**DIRECTIONS:** Find the line below with "Remember that ExpressVPN" and the line with "Call SLIMS allows". Output them and the lines between, exactly, but not the pictures.

**MATERIAL SUPPLIED:**
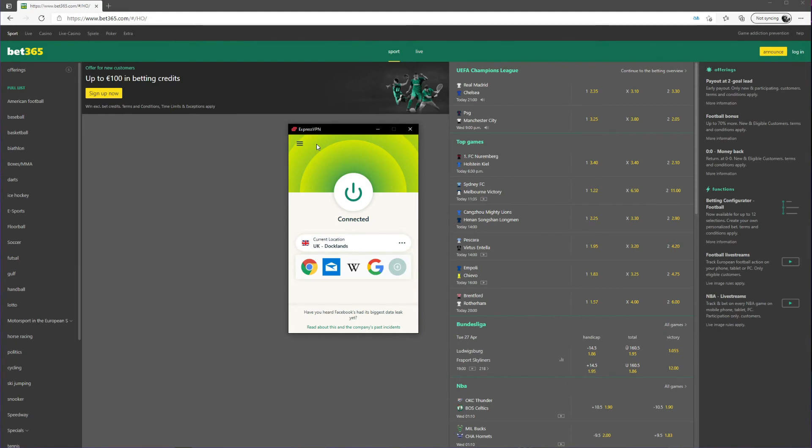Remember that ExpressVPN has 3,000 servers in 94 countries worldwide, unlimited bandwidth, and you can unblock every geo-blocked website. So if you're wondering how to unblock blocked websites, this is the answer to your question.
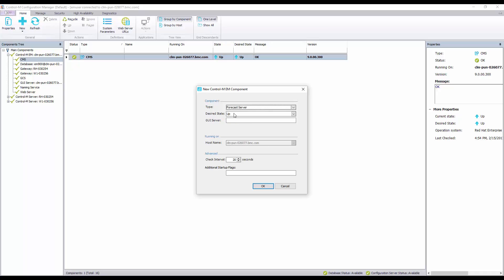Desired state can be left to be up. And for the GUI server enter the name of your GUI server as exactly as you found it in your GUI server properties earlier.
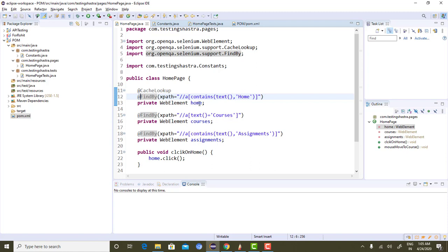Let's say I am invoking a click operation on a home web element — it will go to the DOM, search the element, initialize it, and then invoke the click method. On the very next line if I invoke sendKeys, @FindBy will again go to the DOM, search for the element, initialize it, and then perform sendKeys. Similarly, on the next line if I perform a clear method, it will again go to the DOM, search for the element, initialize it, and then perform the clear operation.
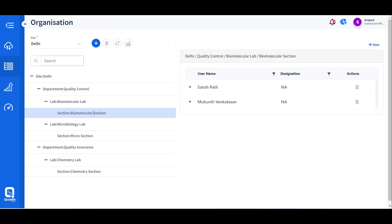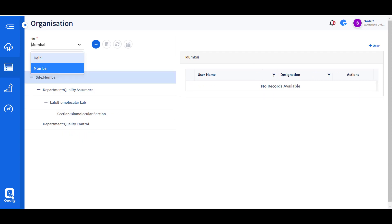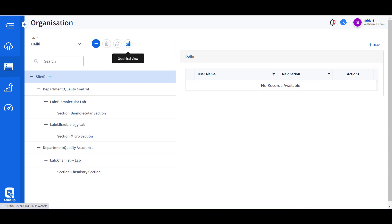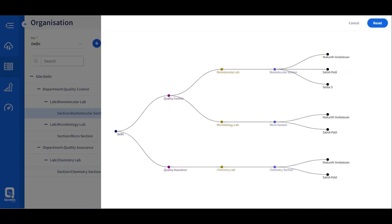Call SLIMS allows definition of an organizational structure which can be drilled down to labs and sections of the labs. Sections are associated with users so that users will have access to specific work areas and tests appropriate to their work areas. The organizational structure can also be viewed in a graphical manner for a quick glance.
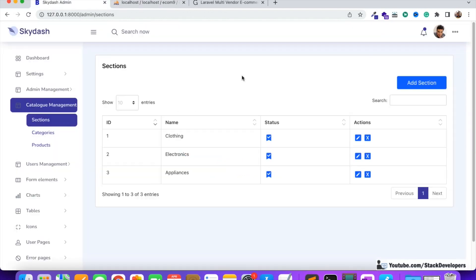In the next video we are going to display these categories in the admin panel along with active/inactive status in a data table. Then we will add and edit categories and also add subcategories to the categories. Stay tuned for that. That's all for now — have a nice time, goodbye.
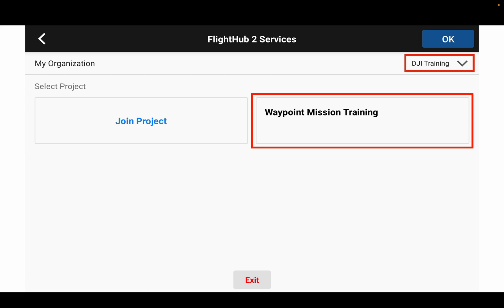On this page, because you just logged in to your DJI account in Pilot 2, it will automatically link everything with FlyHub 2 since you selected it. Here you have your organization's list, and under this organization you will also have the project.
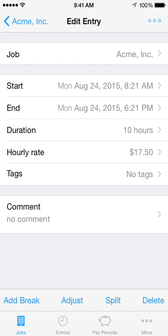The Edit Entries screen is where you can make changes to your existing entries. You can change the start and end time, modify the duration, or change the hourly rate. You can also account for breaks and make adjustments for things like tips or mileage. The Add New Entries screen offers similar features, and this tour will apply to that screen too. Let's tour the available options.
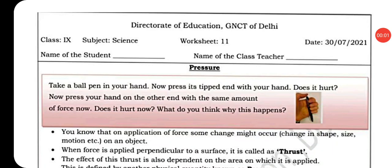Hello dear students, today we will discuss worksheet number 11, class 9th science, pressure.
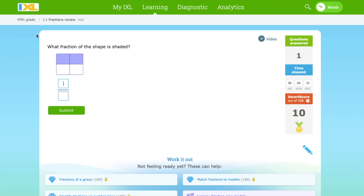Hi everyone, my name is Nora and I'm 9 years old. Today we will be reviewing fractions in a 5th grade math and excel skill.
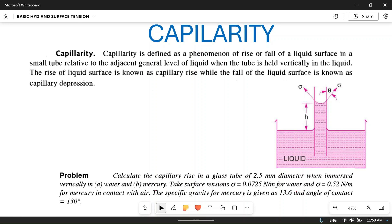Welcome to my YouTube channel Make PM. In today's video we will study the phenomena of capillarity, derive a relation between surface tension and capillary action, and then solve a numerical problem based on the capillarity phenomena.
==
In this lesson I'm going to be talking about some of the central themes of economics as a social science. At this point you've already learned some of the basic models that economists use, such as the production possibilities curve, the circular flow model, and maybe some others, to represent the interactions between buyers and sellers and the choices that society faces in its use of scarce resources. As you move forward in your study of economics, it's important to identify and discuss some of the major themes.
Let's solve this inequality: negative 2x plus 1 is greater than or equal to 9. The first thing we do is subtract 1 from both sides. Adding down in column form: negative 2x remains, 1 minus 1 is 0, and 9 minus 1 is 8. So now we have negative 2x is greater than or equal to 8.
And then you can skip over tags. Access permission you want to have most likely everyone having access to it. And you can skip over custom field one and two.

**RESPONSE TO THIS TASK:**
Remember that ExpressVPN has 3,000 servers in 94 countries worldwide, unlimited bandwidth, and you can unblock every geo-blocked website. So if you're wondering how to unblock blocked websites, this is the answer to your question.
Desired state can be left to be up. And for the GUI server enter the name of your GUI server as exactly as you found it in your GUI server properties earlier.
Let's say I am invoking a click operation on a home web element — it will go to the DOM, search the element, initialize it, and then invoke the click method. On the very next line if I invoke sendKeys, @FindBy will again go to the DOM, search for the element, initialize it, and then perform sendKeys. Similarly, on the next line if I perform a clear method, it will again go to the DOM, search for the element, initialize it, and then perform the clear operation.
Call SLIMS allows definition of an organizational structure which can be drilled down to labs and sections of the labs. Sections are associated with users so that users will have access to specific work areas and tests appropriate to their work areas. The organizational structure can also be viewed in a graphical manner for a quick glance.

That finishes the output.